On a cool morning in the spring of 2002, I stepped off a bus and hobbled into the bustling lobby of Cleveland's Ritz Carlton Hotel. As I waded through a sea of Armani-clad business travelers sipping lattes and perusing Wall Street Journals, disapproving eyes knifed into me from all directions--a reminder that, by all appearances, I did not belong in their well-pressed, nine-to-five world. I was wearing my standard work uniform: faded Slayer T-shirt, stained knee-length shorts, and a tattered baseball cap that barely disguised my greasy, matted hair. I joined the registration line behind a sophisticated woman in a gray pantsuit who was clutching an Italian leather briefcase between her manicured fingers. She checked her watch; then stole a glance at the lumbering, disheveled figure behind her. Our eyes met for a second, and she quickly looked away. She sniffed loudly several times, and I saw the corners of her mouth twist into a disgusted grimace. I hadn't showered in three days, and although I had tried to conceal my stench with a hefty dose of Speedstick, this was a battle I was clearly losing.

I stepped up to the counter, and the middle-aged clerk greeted me with a hesitant, "Can I help you, sir." His tone was the kind generally reserved for placating the severely retarded or completely insane. I told him that I had a reservation, and he just looked at me, one eyebrow forming a skeptical arch. Then I uttered the five most surreal words ever to escape my lips.

"I'm with the Doobie Brothers," I said quietly. "I'm with the Doobie Brothers."

My strange journey as a rock'n'roll roadie began in the summer of 1988, a time when Ronald Reagan was President, cel phones were the size of toaster ovens, and Milli Vanilli dominated the Billboard charts. Over the next 15 years I would drift in and out of the roadie world, doing brief stints in 1994, 1998, and most recently in the fall of 2001, when I left behind the predictable comforts of the corporate world in search of a writing career.
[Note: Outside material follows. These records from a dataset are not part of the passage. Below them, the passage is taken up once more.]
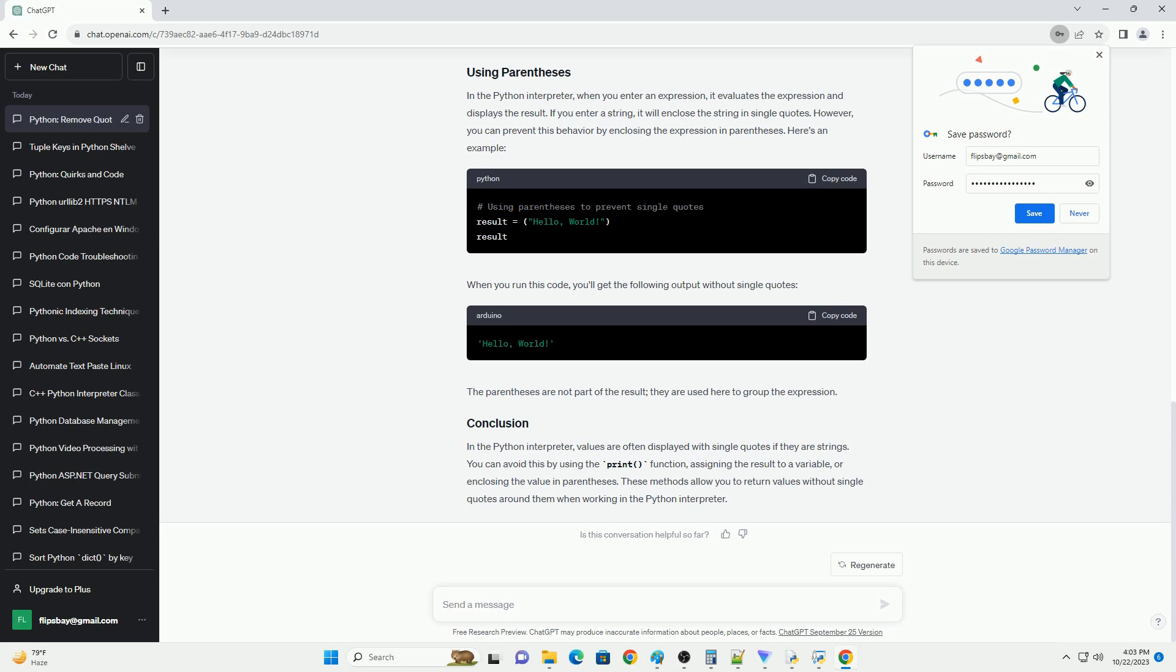When you run this code, you'll get the following output without single quotes. The parentheses are not part of the result, they are used here to group the expression.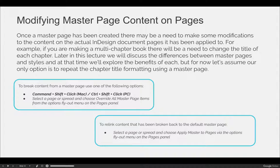For example, if you're making a multi-chapter book, there will be a need to change the title of each chapter if you used your master pages to design the first page of each chapter. Later in this lecture, we'll discuss the differences between master pages and styles and explore the benefits of each, but for now let's assume our only option is to repeat the chapter title formatting using a master page, because it's a good example of how you would have to break content from the master.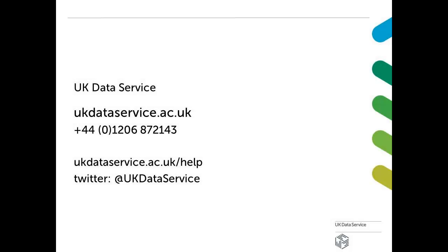That's it. Thank you for watching. For more information about our UKDS.Stat interface, take a look at other UK Data Service tutorials and user guides.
My transition from Web coding desk jockey to full-fledged "road dog" was remarkably smooth, considering I hardly fit the roadie profile: I had two Liberal Arts degrees from a prestigious West Coast university. I bathed regularly. I wore khaki pants. And the only debauchery in my life involved freeze-framing the naked Katie Holmes scene on The Gift DVD. Now, two years later, I'm humping band gear with guys named Opie, Steamer, and Taliban Dan.

I'd just flown home to Los Angeles after three months with the Doobies and was sorting through an enormous pile of unopened mail, when I noticed three things: All the plants in my apartment were dead; my cat no longer recognized me; and my live-in girlfriend--a borderline schizophrenic named Taffy--was nowhere to be found. There was, however, a note scrawled on the bathroom mirror, in her favorite shade of lipstick, that simply read, "Fuck this I'm gone." I hadn't even unpacked my bags when I got the call offering me a job on the Elvis Costello "When I Was Cruel" Tour.

"Great," I heard myself say, "I'll be there on Thursday."